Two new classes of drugs, sodium-glucose cotransporter-2 inhibitors (SGLT2is) and hypoxia-inducible factor (HIF) prolyl hydroxylase inhibitors (HIF-PHis), are likely to have a significant effect on the management of CKD.
SGLT2is were approved by the Food and Drug Administration for the treatment of diabetes in 2013, and have now been shown to slow the progressive loss of kidney function in both diabetic and nondiabetic kidney disease (12–3). SGLT2is demonstrate mortality benefit for patients with CKD, distinguishing them from renin-angiotensin-aldosterone system inhibitors (RAASis), which have otherwise been the mainstay of treatment for patients with diabetic or proteinuric CKD and which provide mortality benefit for a subset of patients with heart failure with reduced ejection fraction (4).
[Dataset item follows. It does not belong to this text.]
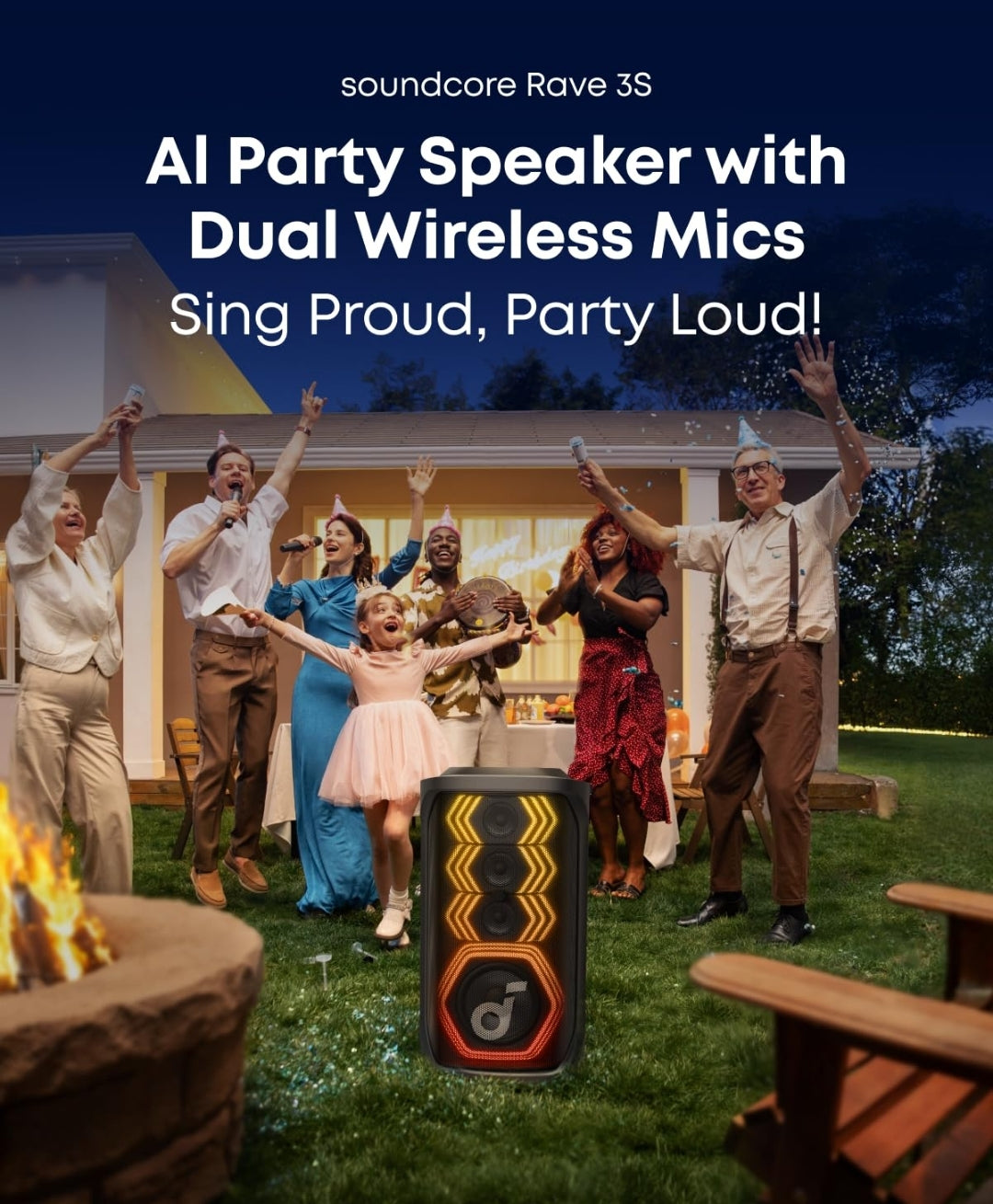 Soundcore Rave 3S AI Party Speaker with 2 Wireless Microphones, 200W Sound, AI Vocal Removal, Reverb, Light Show, 12H Playtime, Portable Bluetooth PA System for Home, Party, or Backyard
Studies of SGLT2is in nondiabetic CKD have been extremely encouraging and we expect that these medications will soon become standard of care for diabetic or nondiabetic, and proteinuric or nonproteinuric, CKD. The potential benefits of SGLT2is have not been specifically explored in autosomal dominant polycystic kidney disease (ADPKD), because both major trials of SGLT2is in nondiabetic CKD (the ongoing EMPA-KIDNEY study [5] and the recently published DAPA-CKD study [1]) excluded patients with ADPKD.
Separately, HIF-PHis are anticipated to have a major effect in the management of anemia of CKD. The current use of erythropoiesis-stimulating agents (ESAs) involves a complex balance between treating anemia and limiting potential adverse effects of cardiovascular events, hypertension, and loss of vascular access (6). HIF-PHis have beneficial effects on iron metabolism, hypertension, and inflammation (7). However, there are concerns that HIF activation could promote cyst growth (8) when used for treatment of patients with ADPKD.
Here, we examine reasons why patients with ADPKD, who comprise approximately 5% of the ESKD population in the United States, warrant unique consideration regarding treatment with SGLT2is or HIF-PHis. We will review the potential risks and benefits of these medications in ADPKD.
SGLT2is
SGLT2is target sodium-glucose cotransporters in the proximal tubule to induce glycosuria and increase sodium delivery to the macula densa, thereby inducing afferent arteriolar constriction. The subsequent reduction in intraglomerular pressure has been proposed to moderate the work of tubular transport and lower cortical oxygen demand (9). SGLT2is have demonstrated efficacy in slowing decline in kidney function and reducing progression to ESKD (12–3). Dapagliflozin demonstrated a number needed to treat of 19 to prevent a primary composite outcome of a sustained decline in eGFR of at least 50%, occurrence of ESKD, or death from a kidney or cardiovascular event (1). Mechanisms of action, although not fully understood, seem nonspecific and could be beneficial to patients with CKD from any intrarenal process. Supporting this notion, benefits of dapagliflozin were similar for patients with or without type 2 diabetes (1).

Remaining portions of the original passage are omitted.